# Adorama has Lightroom Half Off



## unfocused (Sep 1, 2011)

I just noticed Adorama is running a one-day (ends at midnight, Sept. 1) 50% rebate on Light Room if anyone is so inclined. Canon Rumors Guy would probably prefer that you click through from this site, BTW.


----------



## Eddie_2001 (Sep 1, 2011)

Apparently already ended....I just checked their website and it says $299.00 - nothing about a 50% rebate! And it is only about 320 pm here in Arizona....

Ted


----------



## unfocused (Sep 2, 2011)

It was on their site earlier. Not sure what happened, but here is also the e-mail they sent out:



> We threw this last minute 24 hour 50% off sale on Adobe Photoshop Lightroom V3 at just $149.95 (reg $300). Copy this link to post; http://www.adorama.com/ABLRV3MWE.html?kbid=65966
> 
> There's a few hours left (till midnight), feel free to post / forward about it to share the savings.
> 
> ...



Maybe trusty ol' Helen can enlighten us.


----------



## Eddie_2001 (Sep 2, 2011)

It would be nice if Adorama corrected the website listing - I would buy it for the 150, but not 300!

Maybe they already sold out of the quantity they wanted to sell at the lower price??

Ted


----------



## iTasneem (Sep 2, 2011)

I bought one last week from Amazon for only $49.99!

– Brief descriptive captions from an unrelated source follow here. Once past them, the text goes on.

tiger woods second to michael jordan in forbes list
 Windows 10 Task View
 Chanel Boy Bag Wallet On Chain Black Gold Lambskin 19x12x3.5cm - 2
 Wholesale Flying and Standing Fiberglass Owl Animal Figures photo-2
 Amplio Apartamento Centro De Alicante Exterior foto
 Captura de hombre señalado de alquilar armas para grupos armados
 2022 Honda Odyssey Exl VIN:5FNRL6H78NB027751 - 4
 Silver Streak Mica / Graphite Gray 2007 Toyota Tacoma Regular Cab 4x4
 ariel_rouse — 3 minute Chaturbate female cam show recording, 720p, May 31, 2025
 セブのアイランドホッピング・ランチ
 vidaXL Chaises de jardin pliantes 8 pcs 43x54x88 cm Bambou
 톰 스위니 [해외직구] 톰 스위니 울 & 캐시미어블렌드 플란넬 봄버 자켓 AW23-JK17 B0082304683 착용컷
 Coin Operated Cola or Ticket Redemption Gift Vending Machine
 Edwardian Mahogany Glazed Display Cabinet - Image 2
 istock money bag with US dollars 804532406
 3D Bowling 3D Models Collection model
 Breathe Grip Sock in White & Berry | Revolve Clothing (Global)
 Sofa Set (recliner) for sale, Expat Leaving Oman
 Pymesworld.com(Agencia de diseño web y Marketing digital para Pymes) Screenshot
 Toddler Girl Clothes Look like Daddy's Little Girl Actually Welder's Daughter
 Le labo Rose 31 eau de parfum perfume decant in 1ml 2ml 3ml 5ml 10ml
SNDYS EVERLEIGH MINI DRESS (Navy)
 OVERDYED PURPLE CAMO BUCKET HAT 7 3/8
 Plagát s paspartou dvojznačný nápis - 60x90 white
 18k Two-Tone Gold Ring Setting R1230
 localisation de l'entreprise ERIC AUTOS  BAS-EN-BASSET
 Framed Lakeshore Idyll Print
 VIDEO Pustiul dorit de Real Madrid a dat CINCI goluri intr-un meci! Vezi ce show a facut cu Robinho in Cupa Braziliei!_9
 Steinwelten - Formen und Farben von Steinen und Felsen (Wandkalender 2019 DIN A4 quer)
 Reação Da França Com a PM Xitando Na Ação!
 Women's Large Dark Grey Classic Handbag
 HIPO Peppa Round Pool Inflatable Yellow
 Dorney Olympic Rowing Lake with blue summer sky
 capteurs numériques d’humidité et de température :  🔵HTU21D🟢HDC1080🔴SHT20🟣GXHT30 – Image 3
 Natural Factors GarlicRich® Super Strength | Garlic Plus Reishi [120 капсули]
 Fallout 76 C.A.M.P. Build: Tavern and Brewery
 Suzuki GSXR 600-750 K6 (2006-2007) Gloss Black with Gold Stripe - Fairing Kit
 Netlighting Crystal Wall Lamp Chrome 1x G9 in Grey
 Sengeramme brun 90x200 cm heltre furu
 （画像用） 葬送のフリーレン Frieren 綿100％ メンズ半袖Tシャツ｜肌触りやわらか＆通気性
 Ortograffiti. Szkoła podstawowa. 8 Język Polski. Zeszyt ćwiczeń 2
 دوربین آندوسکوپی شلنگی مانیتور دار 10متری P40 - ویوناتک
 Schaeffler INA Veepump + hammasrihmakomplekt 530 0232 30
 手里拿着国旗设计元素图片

It was listed for $149.99 and they sent me $100 discount of LightRoom because i bought a Canon 60D.
They sent me another discount of $400 for Adobe CS5.5 Production Premium but i missed it (ended Aug 31).


----------



## Eagle Eye (Sep 11, 2011)

iTasneem said:


> I bought one last week from Amazon for only $49.99!
> 
> It was listed for $149.99 and they sent me $100 discount of LightRoom because i bought a Canon 60D.
> They sent me another discount of $400 for Adobe CS5.5 Production Premium but i missed it (ended Aug 31).



That's just crazy!


----------



## RC (Oct 10, 2011)

Keep an eye on Amazon. I bought my copy back in June of this year for $179.99 and free shipping. This is the full retail version. I parked it in my wish list and checked the price daily for about a month. I was surprised how frequent the priced changed up and down. When it drop to 179, I grabbed it. I checked the price a few hours later just for kicks and it shot back up.

EOS 7D, 15-85, 100mm f/2.8L Macro IS, 70-200 f/4L IS, Extender 1.4 II, 580EX II, 430EX II (2)


----------



## DavidM (Nov 23, 2011)

where can i buy lightroom for the cheapest online now? i want like a $50 or $79 deal!


----------



## RC (Nov 23, 2011)

DavidM said:


> where can i buy lightroom for the cheapest online now? i want like a $50 or $79 deal!



I don't think you will ever find a legitimate copy for that low of a price. If you are eligible for an academic version, those copies are about a $100.00. Adobe requires some sort of instructor authorization so be aware. Maybe someone on ebay is dumping their copy--not sure how licensing transfer would work.


----------